EXERCISE DATA:
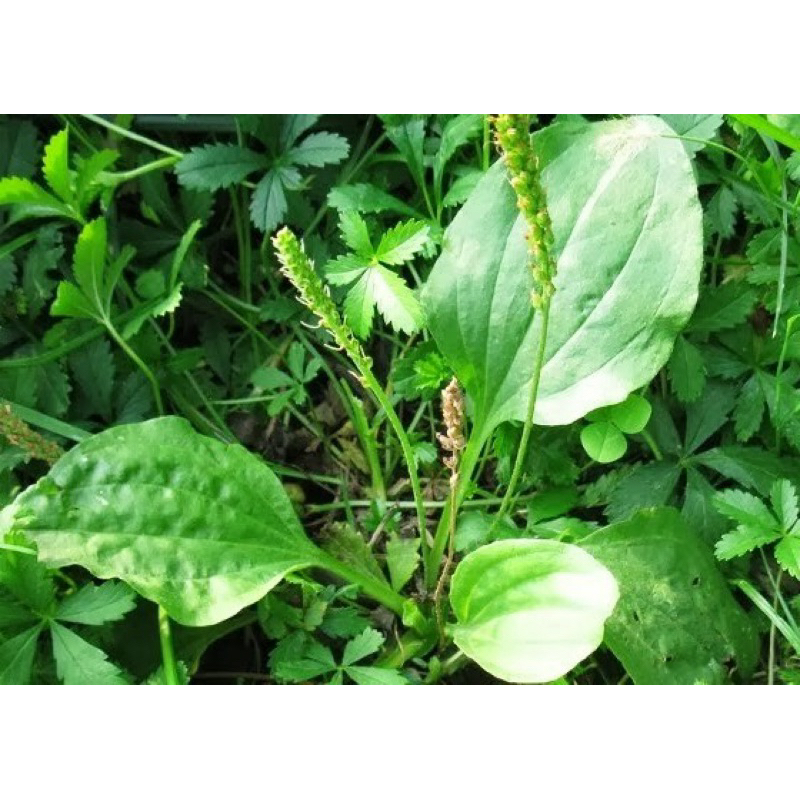 

DAUN KIURAT SEGAR 250 gram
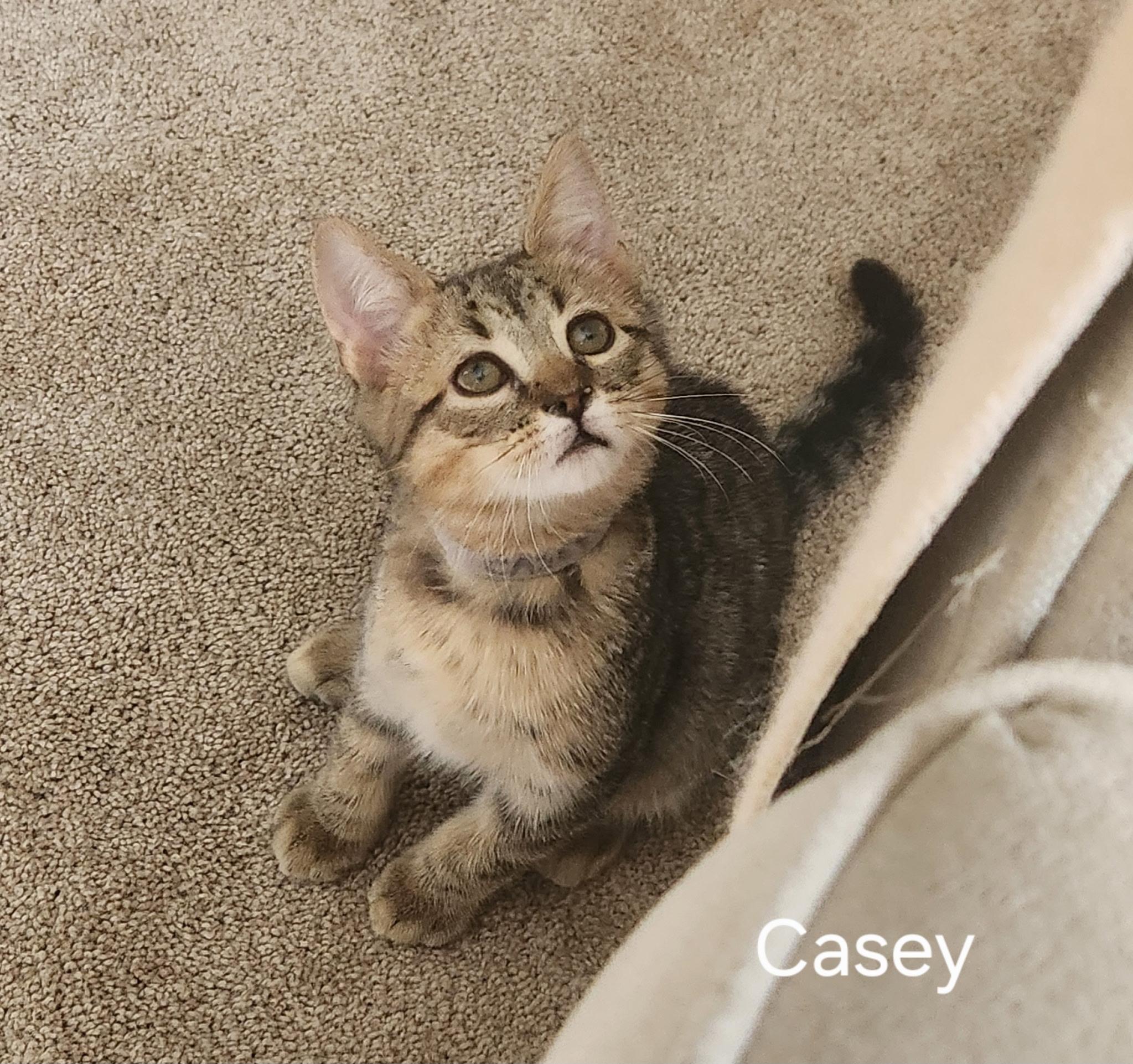 Fathers Day Casey, Adoptable, Kitten Male Domestic Short Hair.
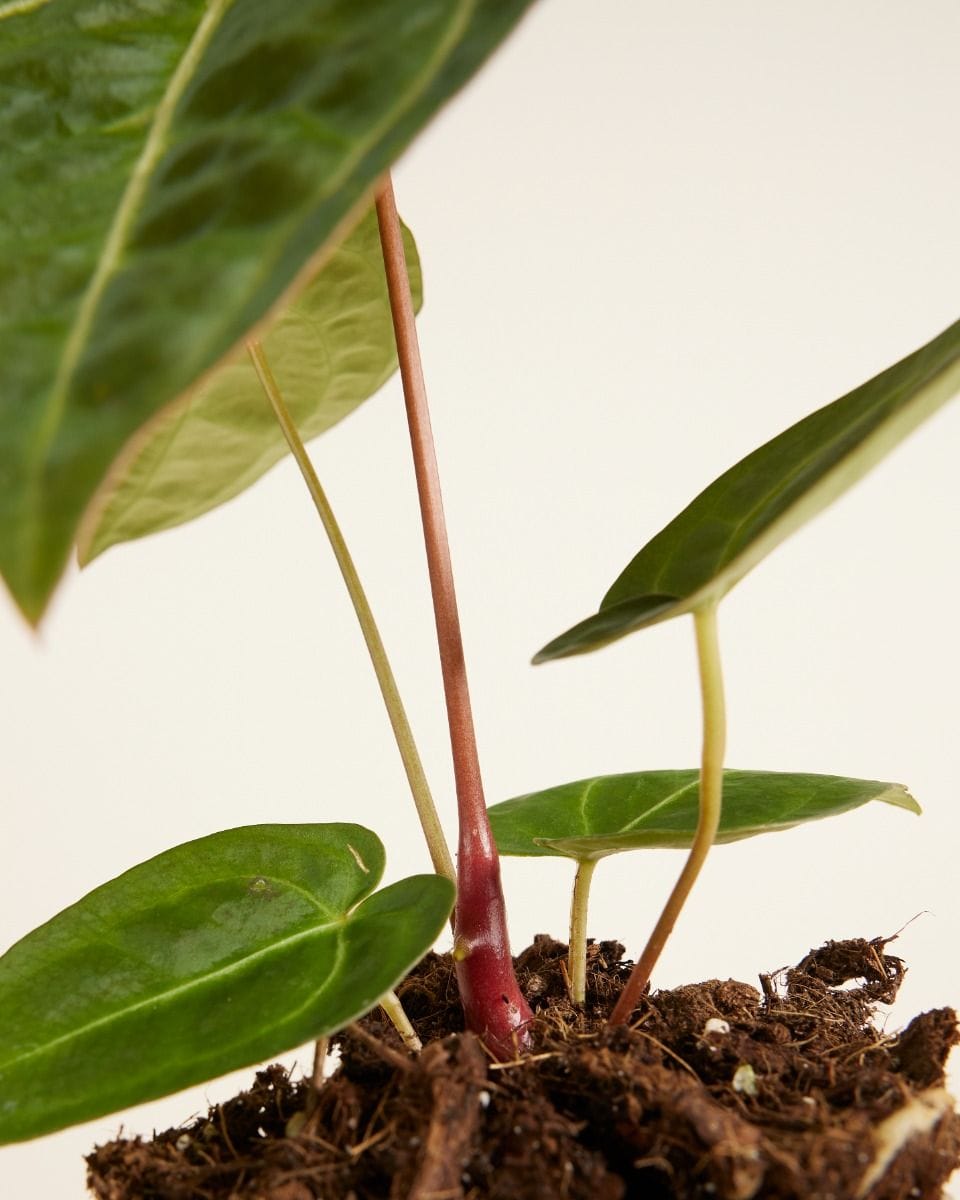 Anthurium Anturio Regale x Magnificum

EXERCISE:
Reproduce the data above in full, exactly as it is, with the pictures left out.

EXERCISE RESPONSE:
DAUN KIURAT SEGAR 250 gram
 Fathers Day Casey, Adoptable, Kitten Male Domestic Short Hair.
 Anthurium Anturio Regale x Magnificum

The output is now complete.